In a traditional Lisp-like language implementation, eval
determines the value of the operand and arguments, then hands them to a function named apply
, which executes the function.
(again, Python already has an apply
, so we will use the name apply2
.)
But we are getting ahead of ourselves. First, let's support evaluating literals:
def is_int(ast):
return ast[0] == "INT"
def eval2(ast, env):
if is_int(ast):
return int(ast[1])
else:
raise Exception("Don't know how to evaluate %s" % ast)
Try it out:
$ python
Python 2.7.16 (default, Mar 4 2019, 09:02:22)
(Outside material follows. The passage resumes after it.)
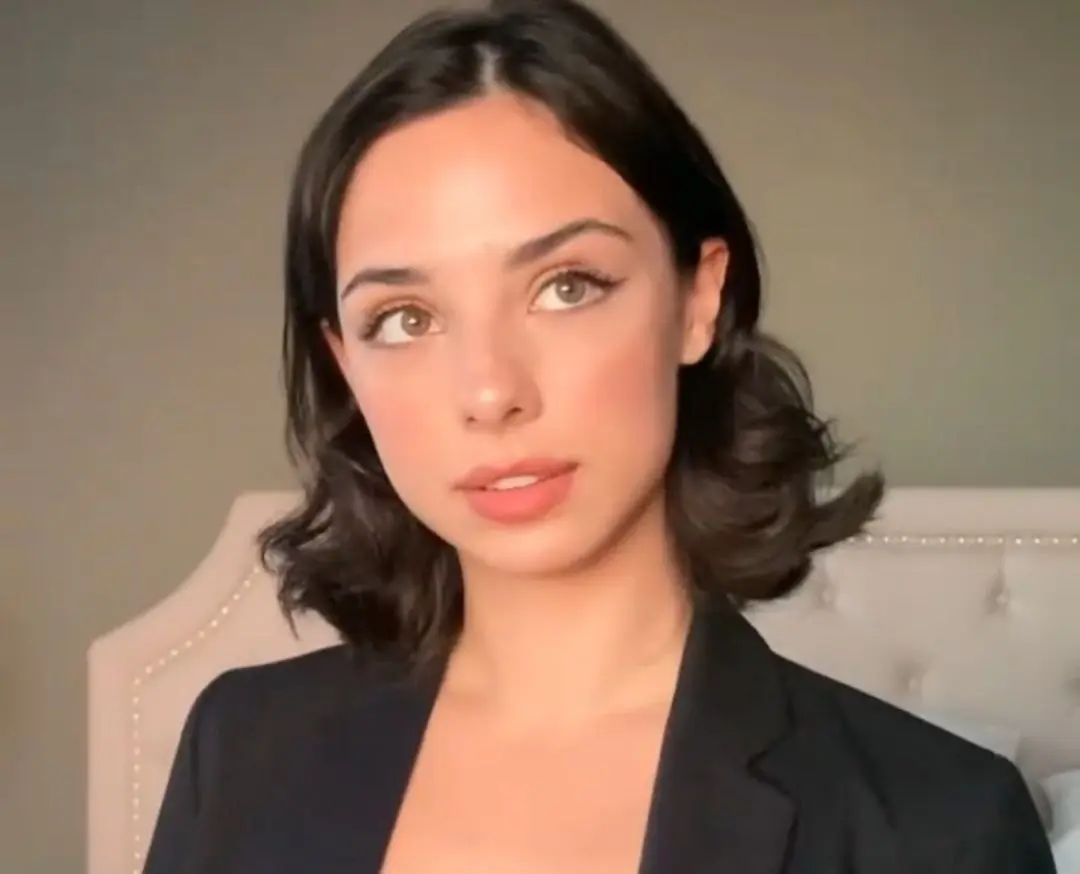 En 2013, debutó como actriz en la serie 'Gossip Girl Acapulco', un remake de la serie estadounidense.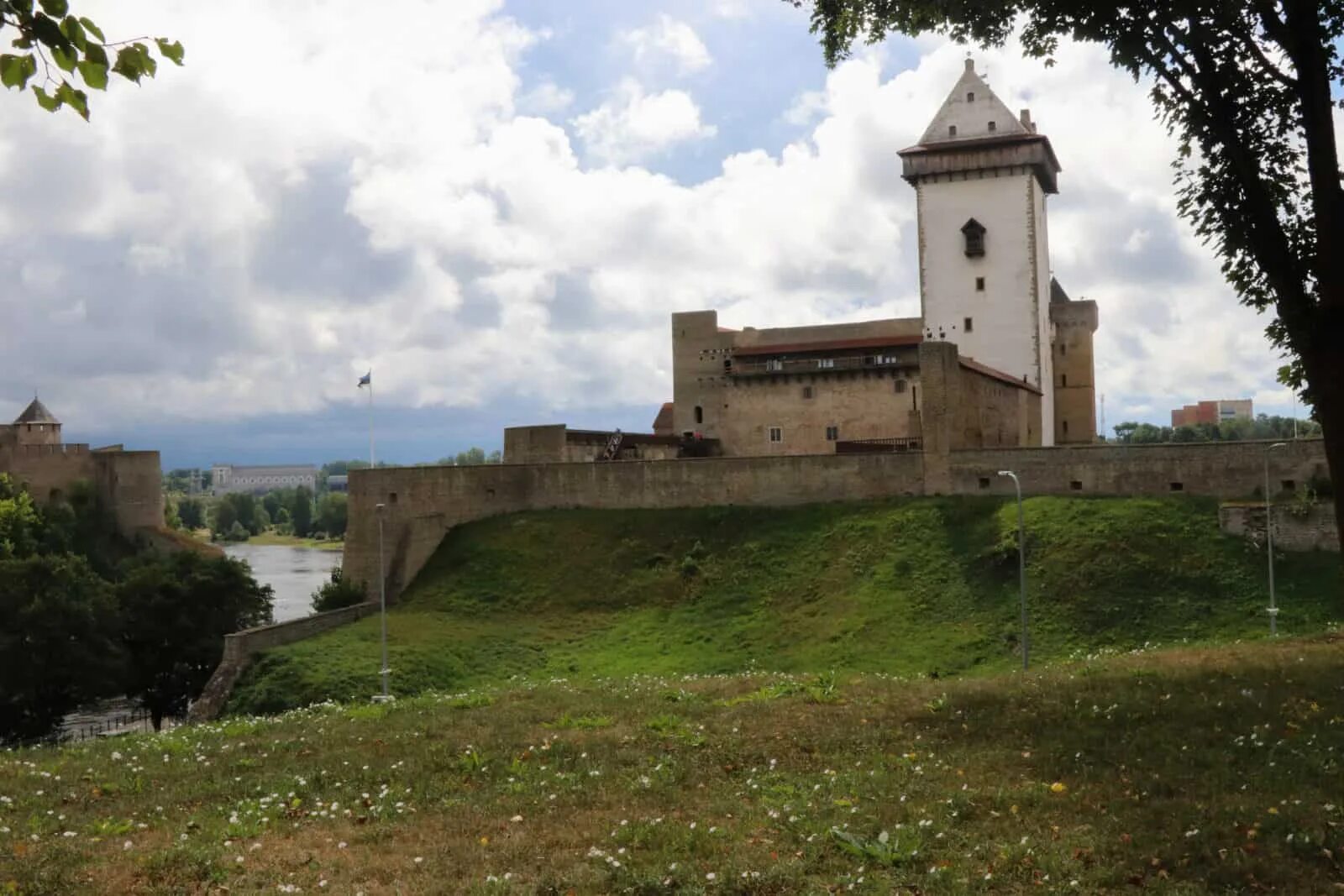 Город нарва 1. Город Нарва Эстония. Нарва (город в эстонской ССР). Нарвский замок Эстония. Крепость Нарва.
[GCC 4.2.1 Compatible Apple LLVM 10.0.0 (clang-1000.11.45.5)] on darwin
Type "help", "copyright", "credits" or "license" for more information.
>>> from eval import *
>>> env = {}
>>> ast = ("INT", "42")
>>> eval2(ast, env)
42
Cool, let's skip to the punchline and add a __main__
implementation so that we can run this bad boy:
if __name__ == "__main__":
import sys
from lex import load_tokendefs, tokenize
from parse import parse
if len(sys.argv) > 1:
text = open(sys.argv[1]).read()
else:
text = sys.stdin.read()
tdefs = load_tokendefs("tokendefs.txt")
env = {}
print eval2(parse(tokenize(tdefs, text)), env)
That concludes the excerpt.